- [Exercise goal] Write the data out again exactly, with every picture removed.

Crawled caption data
--- START ---

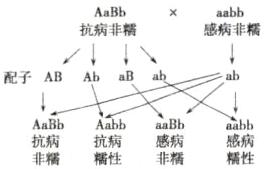 aabb感病抗病抗病感病糯性非糕精性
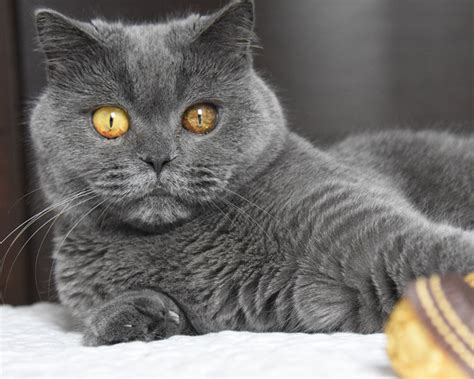 6 Best Indoor Cat Breeds Their Temperaments And Factsukpets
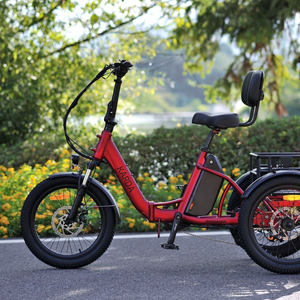 Bungarra E-Trike 48V 15Ah 250W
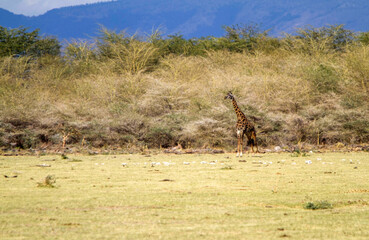 Giraffe near Brush Lake Manyara, Tanzania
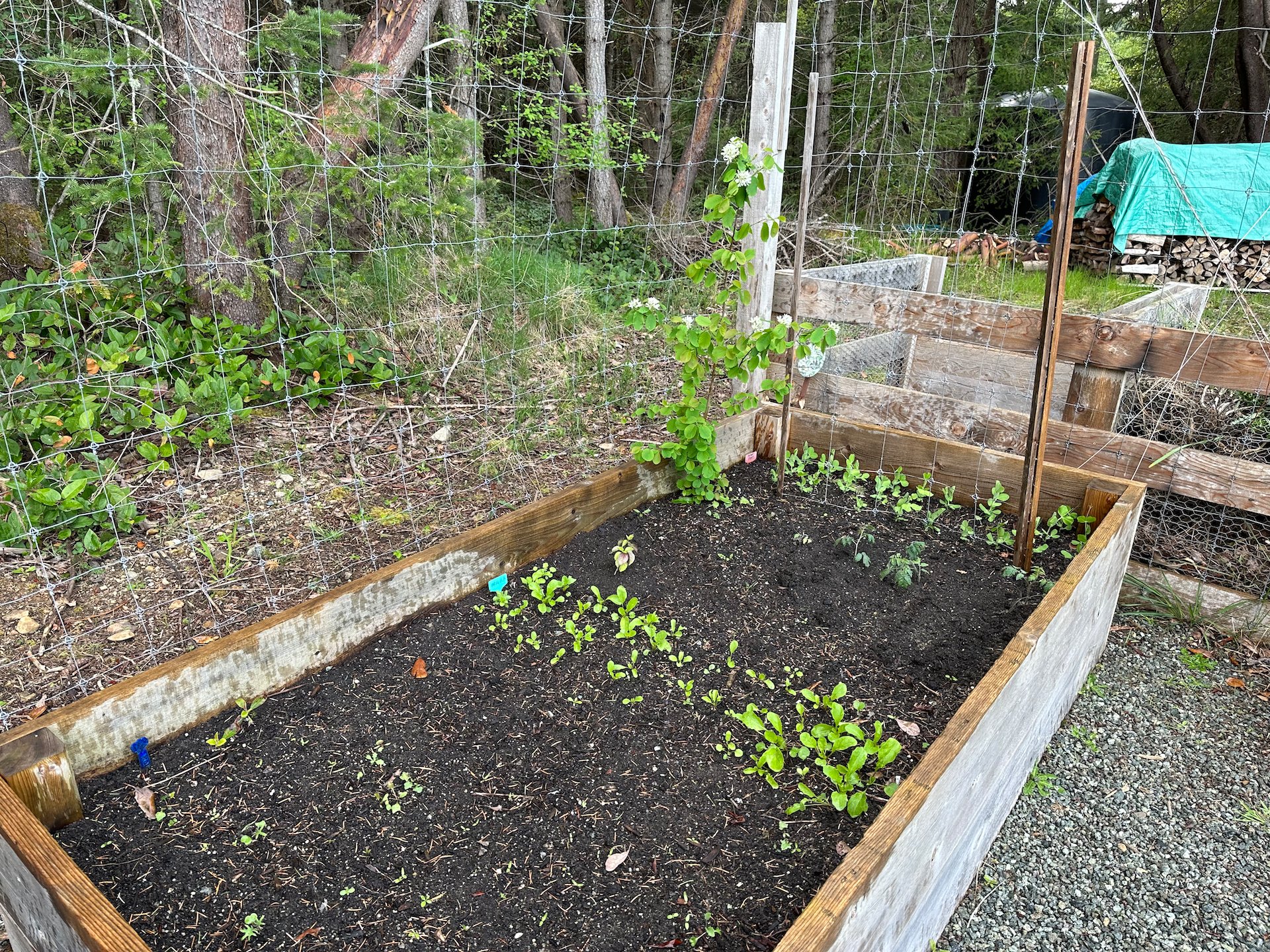 Garden Box #2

--- END ---

- [Output]
 aabb感病抗病抗病感病糯性非糕精性
 6 Best Indoor Cat Breeds Their Temperaments And Factsukpets
 Bungarra E-Trike 48V 15Ah 250W
 Giraffe near Brush Lake Manyara, Tanzania
 Garden Box #2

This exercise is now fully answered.